-- DATA EXTRACT follows --
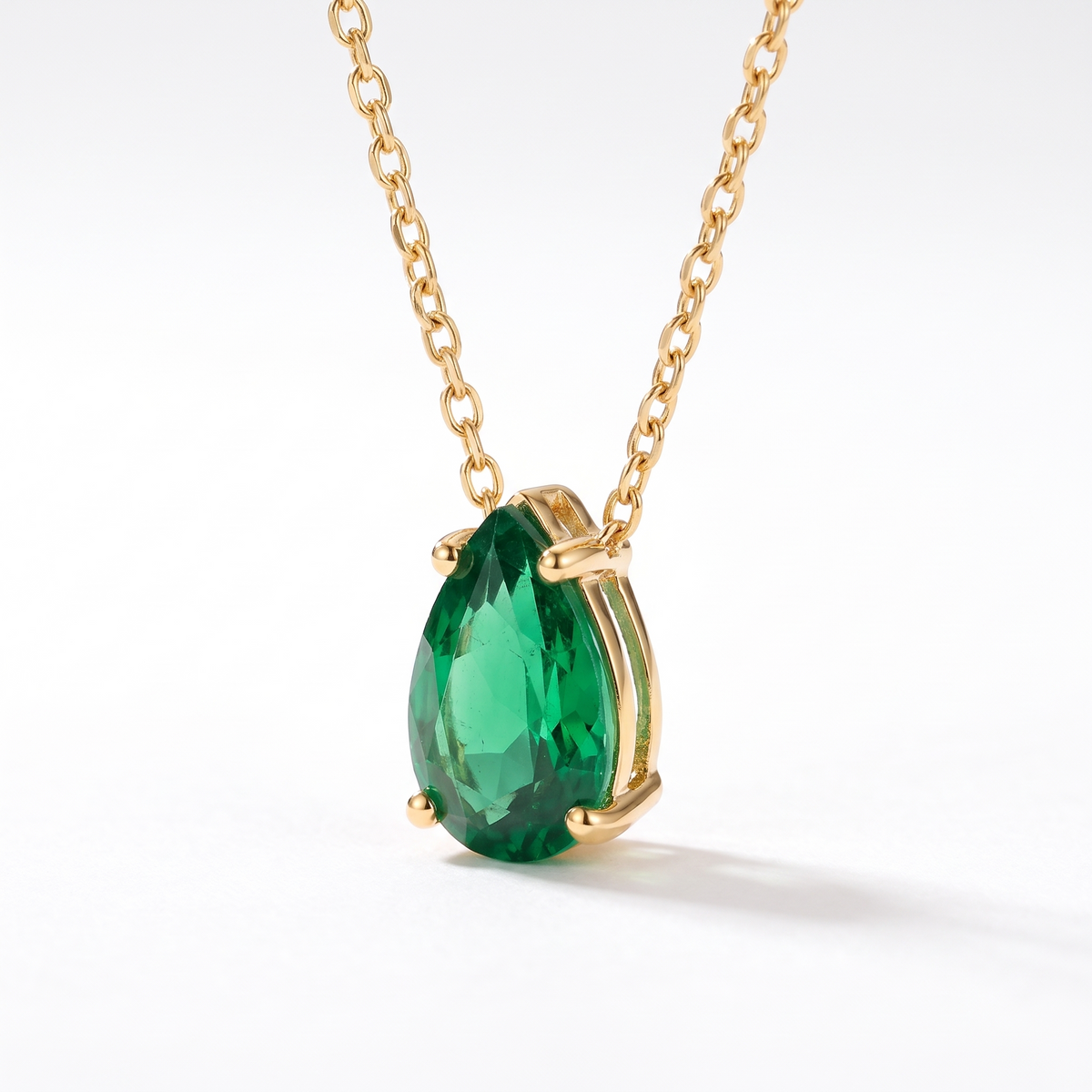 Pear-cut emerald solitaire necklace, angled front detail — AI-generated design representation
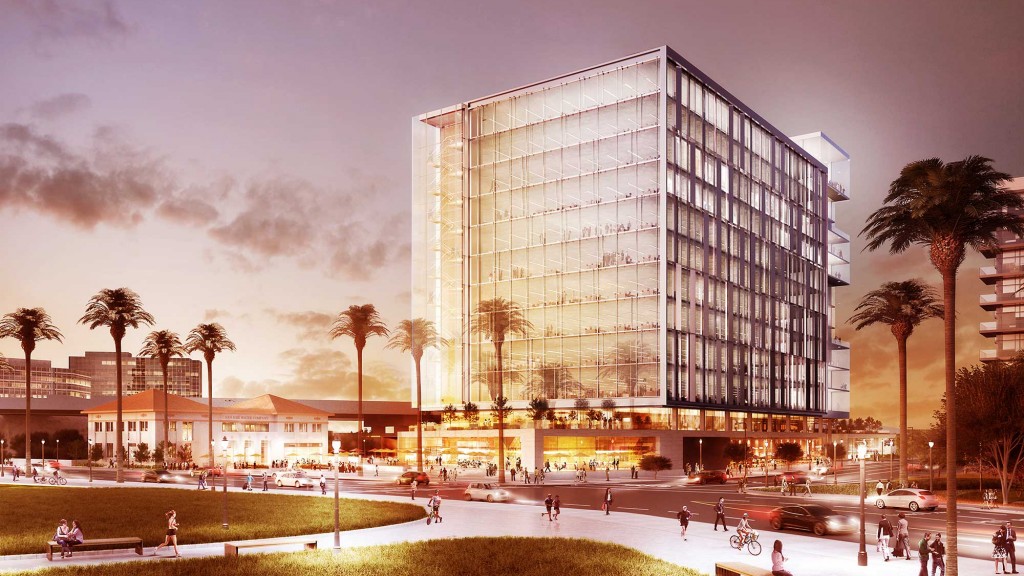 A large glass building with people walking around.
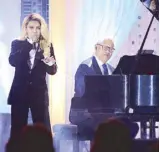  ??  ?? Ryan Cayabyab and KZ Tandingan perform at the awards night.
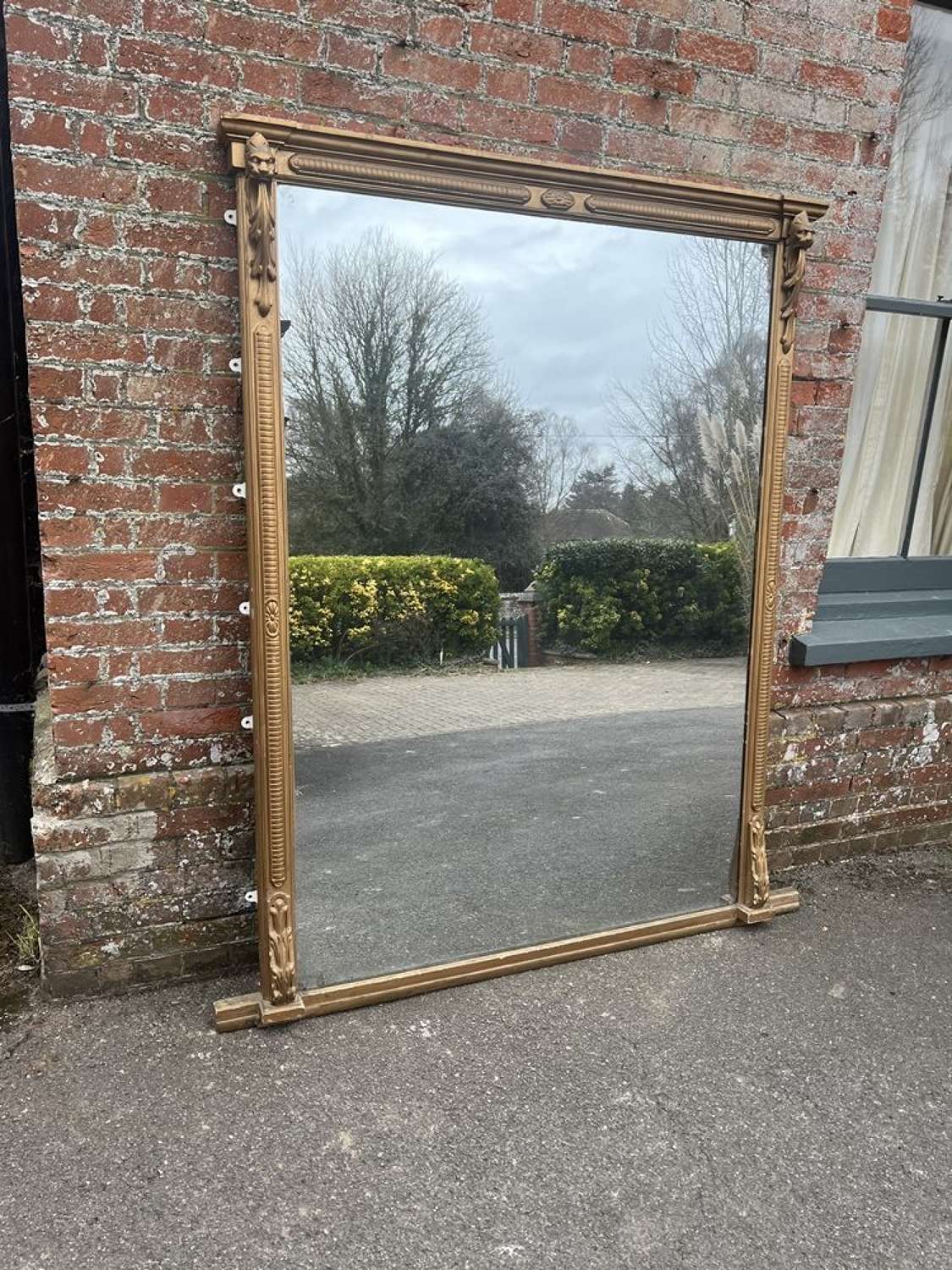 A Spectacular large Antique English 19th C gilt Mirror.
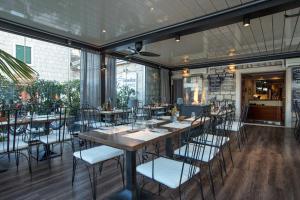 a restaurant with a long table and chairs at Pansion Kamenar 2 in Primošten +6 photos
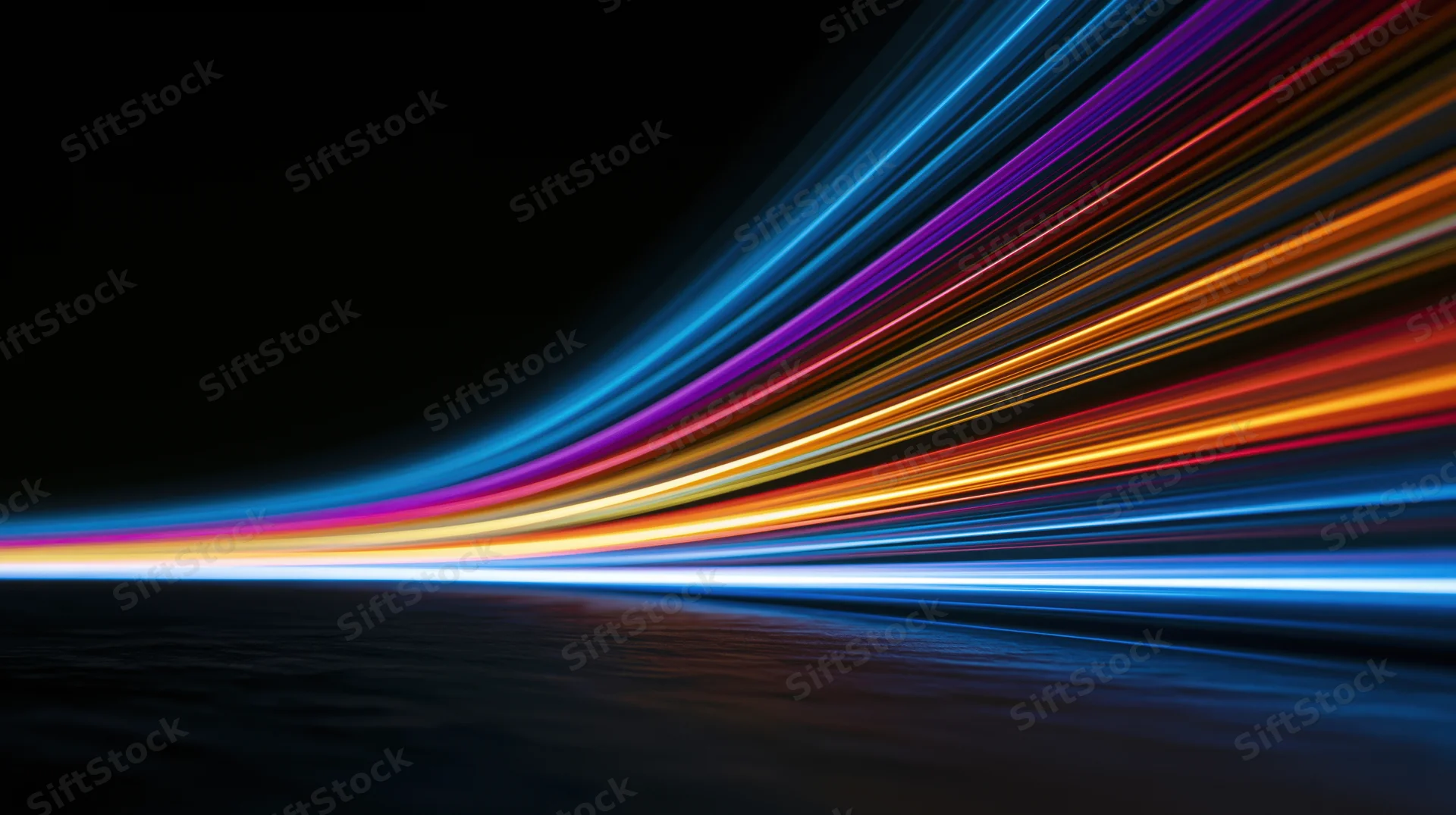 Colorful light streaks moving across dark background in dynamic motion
-- DATA EXTRACT concluded --
ASSIGNMENT: Leave out the pictures, and retype exactly the lines from the one containing "A large glass" through the last line of the data above, no more and no less.

TASK RESPONSE:
 A large glass building with people walking around.
  ??  ?? Ryan Cayabyab and KZ Tandingan perform at the awards night.
 A Spectacular large Antique English 19th C gilt Mirror.
 a restaurant with a long table and chairs at Pansion Kamenar 2 in Primošten +6 photos
 Colorful light streaks moving across dark background in dynamic motion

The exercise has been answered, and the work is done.